# KSJ MCP Server
**Knowledge Synthesis Journal v2.0 — AI companion**
Turn your handwritten journal photos into a searchable, AI-powered knowledge base — privately, on your own machine.
> "Works great on paper. Magical with AI."
---
## What it does
The KSJ MCP server connects your physical journal to an AI assistant via the **Model Context Protocol (MCP)** — an open standard for linking AI models to local tools and data.
Photograph a journal page, upload it, and your AI assistant can:
- Search across everything you've ever written
- Find connections between ideas (shared tags, `@` references)
- Surface your open questions, key insights, and breakthroughs
- Export your knowledge base as Markdown or JSON
**All processing is local.** No cloud. No subscription. Your notes stay on your machine.
---
## AI Platform Support
This server uses **MCP (Model Context Protocol)**, an open standard with growing support across AI platforms and developer tools.
**Currently supported:**
- **Claude Desktop** (free) — full MCP support, recommended for getting started
**Other MCP-compatible clients** (Cursor, VS Code + GitHub Copilot, and others) can connect using the same config — check your client's MCP documentation for setup details.
**Using ChatGPT, Gemini, or another platform?**
Use the `export_captures` tool to dump your knowledge base as Markdown or JSON, then paste it into your AI assistant of choice.
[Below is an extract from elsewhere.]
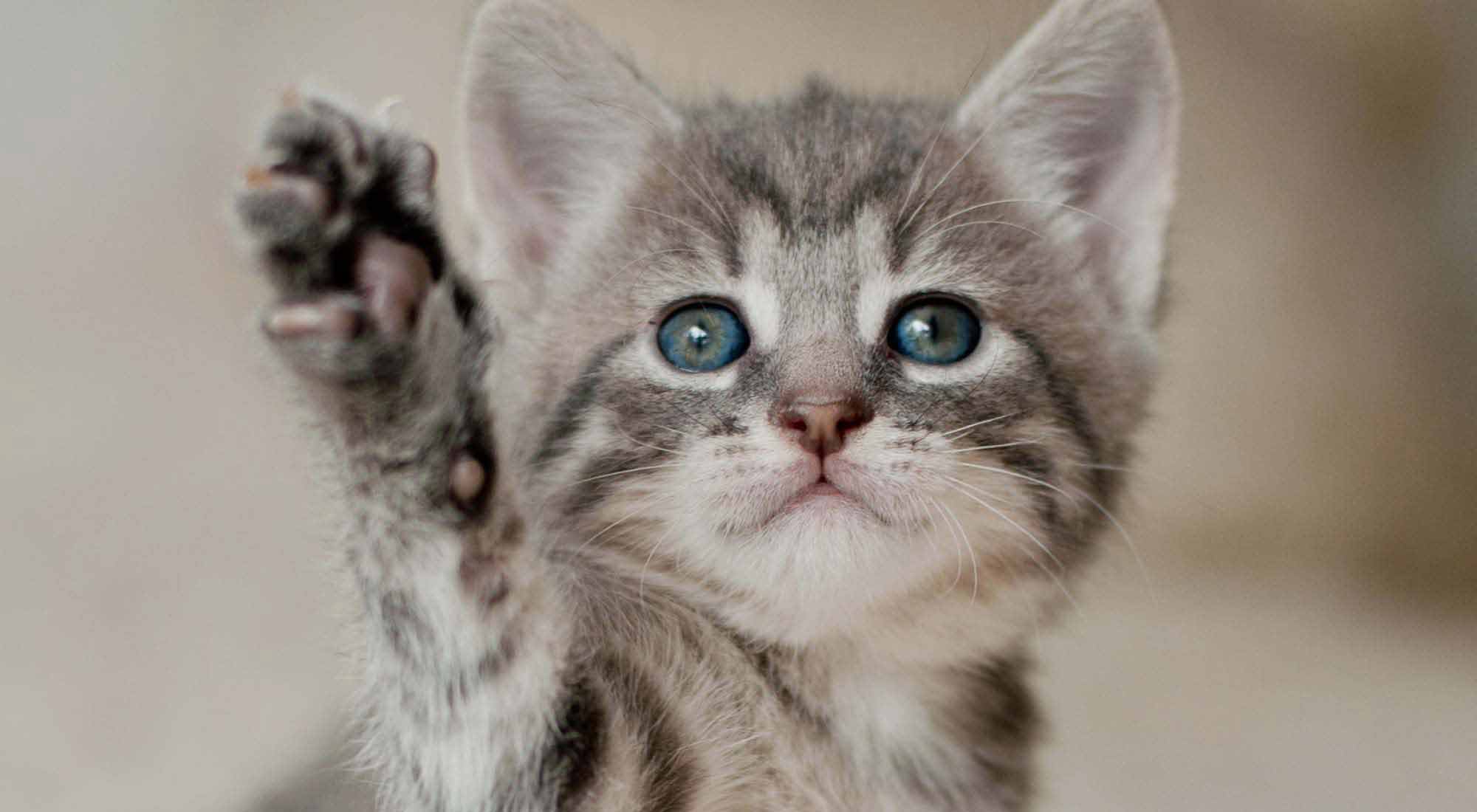 kitten stretching and reaching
Full native MCP support for additional platforms is on the roadmap as the ecosystem grows.
---
## Setup (4 steps)
### Step 1 — Install an MCP-compatible AI client
The fastest way to get started is **Claude Desktop** (free at claude.ai/download).
For other MCP clients, consult their documentation for how to register a local MCP server, then use the config in Step 4.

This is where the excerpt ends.